Current Treatment Methods
Existing PTSD treatments include different types of trauma psychotherapy (talk therapy) or medication. But MDMA therapy, along with other alternatives like ketamine therapy for PTSD, have shown early signs of potential as well.
Trauma-focused psychotherapies with the best-known results are the following.
- Prolonged Exposure (PE) – Gradual approach to traumatic feelings and experiences.
- Cognitive Processing Therapy (CPT) – Teaching approach that uses evaluation of traumatic memories, feelings, and experiences to change the upsetting thoughts and sensations.
- Eye Movement Desensitization and Reprocessing (EMDR) – Back-and-forth movement or sound. The patient recalls upsetting memories until a shift occurs in processing the experience.
On the other hand, current medications include antidepressants, such as SSRIs (selective serotonin reuptake inhibitors) and SNRIs (serotonin-norepinephrine reuptake inhibitors). The most common ones are the following:
- Sertraline (Zoloft)
- Paroxetine (Paxil)
- Fluoxetine (Prozac)
- Venlafaxine (Effexor)
Depending on the insurance provider, these treatments can be expensive. Therefore, they can be hard to choose from and stick to — especially as PTSD symptoms go in and out of remission, coming back after months or years. Alternative, cheaper options often aren’t readily available, which is why MDMA therapy began gaining traction.
PTSD and MDMA Therapy
MDMA is a psychedelic classified as an empathogen, as it causes the release of dopamine and serotonin in the brain. Its history in helping treat PTSD goes back to the 1970s, when psychiatrists experimented with microdosing psychedelics to those suffering from severe trauma. They reported that MDMA therapy decreases defensiveness and anxiety, increases relaxation, and improves mood, all which drastically increases the efficiency of psychotherapy itself.
In the 1980s, research suddenly ceased when the drug became illegal. It wasn’t until 2010 that clinical trials once again began. Early results have been extremely positive, leading to worldwide recognition and easing of restrictions.

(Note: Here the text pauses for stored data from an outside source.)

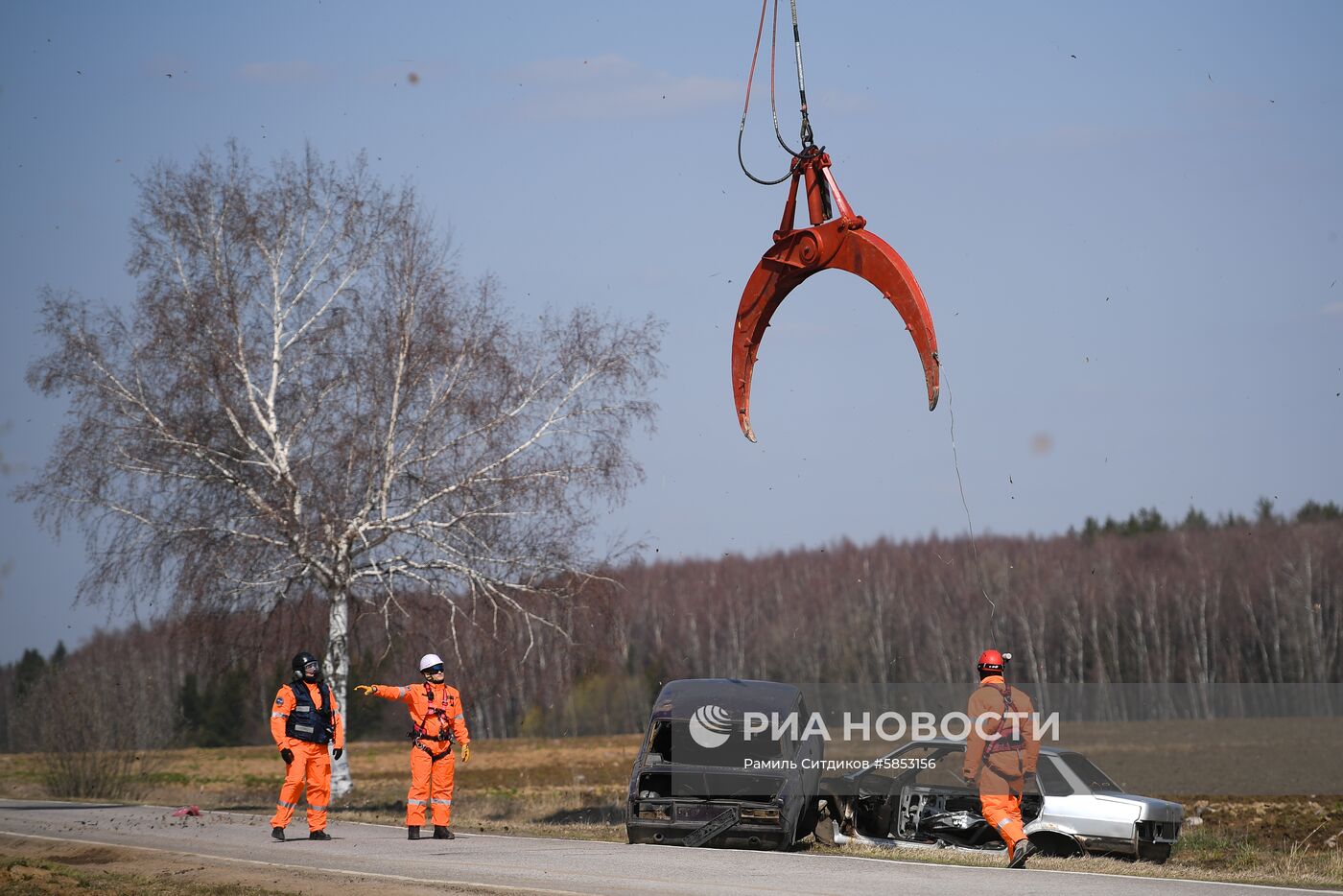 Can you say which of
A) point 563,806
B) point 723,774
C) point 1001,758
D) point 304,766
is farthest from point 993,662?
point 563,806

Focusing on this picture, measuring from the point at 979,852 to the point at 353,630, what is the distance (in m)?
13.4

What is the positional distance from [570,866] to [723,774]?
98.5 inches

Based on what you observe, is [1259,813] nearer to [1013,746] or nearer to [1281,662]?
[1013,746]

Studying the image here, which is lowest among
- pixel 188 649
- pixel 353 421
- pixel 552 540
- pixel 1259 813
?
pixel 1259 813

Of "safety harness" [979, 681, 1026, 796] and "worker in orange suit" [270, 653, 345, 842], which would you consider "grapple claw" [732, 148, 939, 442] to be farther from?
"worker in orange suit" [270, 653, 345, 842]

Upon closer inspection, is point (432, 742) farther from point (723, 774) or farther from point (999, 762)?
point (999, 762)

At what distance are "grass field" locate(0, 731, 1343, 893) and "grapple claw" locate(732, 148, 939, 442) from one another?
185 inches

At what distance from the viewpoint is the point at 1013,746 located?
1260 cm

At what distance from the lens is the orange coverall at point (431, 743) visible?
49.6 feet

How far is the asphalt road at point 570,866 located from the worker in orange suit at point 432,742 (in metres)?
0.31

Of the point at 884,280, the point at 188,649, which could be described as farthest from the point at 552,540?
the point at 884,280

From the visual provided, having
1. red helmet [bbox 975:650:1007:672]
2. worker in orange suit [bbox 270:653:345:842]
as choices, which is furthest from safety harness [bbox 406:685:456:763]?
red helmet [bbox 975:650:1007:672]

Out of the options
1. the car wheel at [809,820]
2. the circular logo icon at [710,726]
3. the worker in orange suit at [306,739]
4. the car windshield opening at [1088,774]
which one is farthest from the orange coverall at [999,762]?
the worker in orange suit at [306,739]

Many privatized organizations around the world started recognizing psychedelics treatment as a potential alternative option for treating common mental health issues, including PTSD. Trials eventually started advancing from Phase 1 to Phase 2, and, finally, into Phase 3, where they currently sit.

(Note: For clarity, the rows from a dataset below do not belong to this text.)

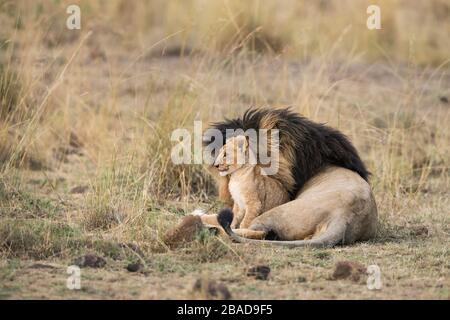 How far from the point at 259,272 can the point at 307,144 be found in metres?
1.69

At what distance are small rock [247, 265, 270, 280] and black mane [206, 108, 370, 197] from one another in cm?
145

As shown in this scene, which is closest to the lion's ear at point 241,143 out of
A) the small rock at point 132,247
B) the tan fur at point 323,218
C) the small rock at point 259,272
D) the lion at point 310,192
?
the lion at point 310,192

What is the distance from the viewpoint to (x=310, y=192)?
6.75m

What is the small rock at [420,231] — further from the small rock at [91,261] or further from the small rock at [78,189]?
the small rock at [78,189]

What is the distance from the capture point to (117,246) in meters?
6.05

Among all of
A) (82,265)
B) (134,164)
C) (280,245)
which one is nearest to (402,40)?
(134,164)

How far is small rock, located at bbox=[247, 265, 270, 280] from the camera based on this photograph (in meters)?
5.59

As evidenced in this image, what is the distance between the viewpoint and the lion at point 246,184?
6.87 m

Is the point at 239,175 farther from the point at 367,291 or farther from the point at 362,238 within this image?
the point at 367,291

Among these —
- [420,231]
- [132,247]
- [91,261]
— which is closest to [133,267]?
[91,261]

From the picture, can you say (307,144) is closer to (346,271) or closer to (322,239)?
(322,239)

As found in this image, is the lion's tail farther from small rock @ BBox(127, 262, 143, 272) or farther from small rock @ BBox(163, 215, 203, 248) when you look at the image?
small rock @ BBox(127, 262, 143, 272)

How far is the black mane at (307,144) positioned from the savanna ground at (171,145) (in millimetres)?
612

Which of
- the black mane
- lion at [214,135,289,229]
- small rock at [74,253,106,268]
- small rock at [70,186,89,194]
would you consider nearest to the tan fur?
lion at [214,135,289,229]
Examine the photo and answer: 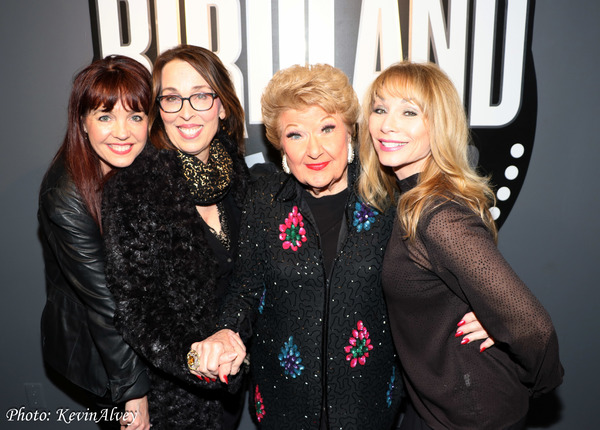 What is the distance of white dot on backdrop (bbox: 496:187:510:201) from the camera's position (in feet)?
8.52

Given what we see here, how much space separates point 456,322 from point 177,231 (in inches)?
43.7

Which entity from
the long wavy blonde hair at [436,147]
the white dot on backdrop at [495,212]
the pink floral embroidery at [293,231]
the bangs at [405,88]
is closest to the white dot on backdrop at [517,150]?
the white dot on backdrop at [495,212]

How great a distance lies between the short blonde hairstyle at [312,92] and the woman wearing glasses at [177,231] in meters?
0.34

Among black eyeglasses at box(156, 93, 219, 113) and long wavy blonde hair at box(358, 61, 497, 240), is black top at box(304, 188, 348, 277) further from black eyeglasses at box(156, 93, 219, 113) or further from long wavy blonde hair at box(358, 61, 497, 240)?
black eyeglasses at box(156, 93, 219, 113)

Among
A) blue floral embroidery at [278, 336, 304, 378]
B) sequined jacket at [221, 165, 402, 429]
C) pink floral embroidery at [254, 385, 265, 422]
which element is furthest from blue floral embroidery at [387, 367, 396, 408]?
pink floral embroidery at [254, 385, 265, 422]

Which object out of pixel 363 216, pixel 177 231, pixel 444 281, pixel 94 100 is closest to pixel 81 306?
pixel 177 231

MDMA Therapy And PTSD Today
The Multidisciplinary Association for Psychedelic Studies (MAPS), received a grant from the FDA in 2019 to advance into Phase 3 trials, and has designated MDMA therapy for PTSD as a Breakthrough Therapy. The two organizations came to an agreement on Phase 3 protocol designs following a rigorous Special Protocol Assessment (SPA) process.
Phase 3 trials should be complete by the end of 2022, and MAPS is undertaking a plan to make MDMA therapy an FDA-approved prescription treatment by 2023.

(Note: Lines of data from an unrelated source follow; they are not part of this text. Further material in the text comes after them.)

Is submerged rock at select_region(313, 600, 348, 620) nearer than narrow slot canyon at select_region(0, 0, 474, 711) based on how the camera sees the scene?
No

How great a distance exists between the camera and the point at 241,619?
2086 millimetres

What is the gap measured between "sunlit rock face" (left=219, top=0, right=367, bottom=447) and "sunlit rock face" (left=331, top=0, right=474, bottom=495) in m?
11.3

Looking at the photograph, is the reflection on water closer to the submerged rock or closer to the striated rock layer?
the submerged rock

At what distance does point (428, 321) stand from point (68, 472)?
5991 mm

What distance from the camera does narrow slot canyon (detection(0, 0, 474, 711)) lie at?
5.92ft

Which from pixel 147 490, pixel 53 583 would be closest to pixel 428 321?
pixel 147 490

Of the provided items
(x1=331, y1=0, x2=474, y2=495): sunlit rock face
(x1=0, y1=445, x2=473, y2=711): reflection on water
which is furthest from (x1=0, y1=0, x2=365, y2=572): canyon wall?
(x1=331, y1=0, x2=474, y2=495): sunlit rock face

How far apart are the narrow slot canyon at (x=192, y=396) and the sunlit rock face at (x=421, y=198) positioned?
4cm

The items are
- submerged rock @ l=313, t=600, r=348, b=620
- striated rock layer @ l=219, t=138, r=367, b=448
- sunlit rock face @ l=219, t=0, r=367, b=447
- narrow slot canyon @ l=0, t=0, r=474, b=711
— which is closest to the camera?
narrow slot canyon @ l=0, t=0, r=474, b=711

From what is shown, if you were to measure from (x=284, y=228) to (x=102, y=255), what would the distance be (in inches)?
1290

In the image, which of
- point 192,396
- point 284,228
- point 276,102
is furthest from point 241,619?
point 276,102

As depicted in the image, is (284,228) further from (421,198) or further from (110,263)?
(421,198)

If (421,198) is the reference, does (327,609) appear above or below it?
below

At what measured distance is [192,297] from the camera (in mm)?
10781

With positive results from clinical trials, the outlook is strong that some sort of MDMA treatment will be legal in the USA and beyond within the next few years. MDMA therapy is also a cheaper option than current treatment sessions and medications. Therefore, making it accessible to those looking to treat PTSD, but simply cannot afford the existing treatment, is critical.
Current PTSD treatment has not changed drastically in recent years. With MDMA clinical trials showing positive results, it would be hard to imagine it does not become an alternative treatment in the near future.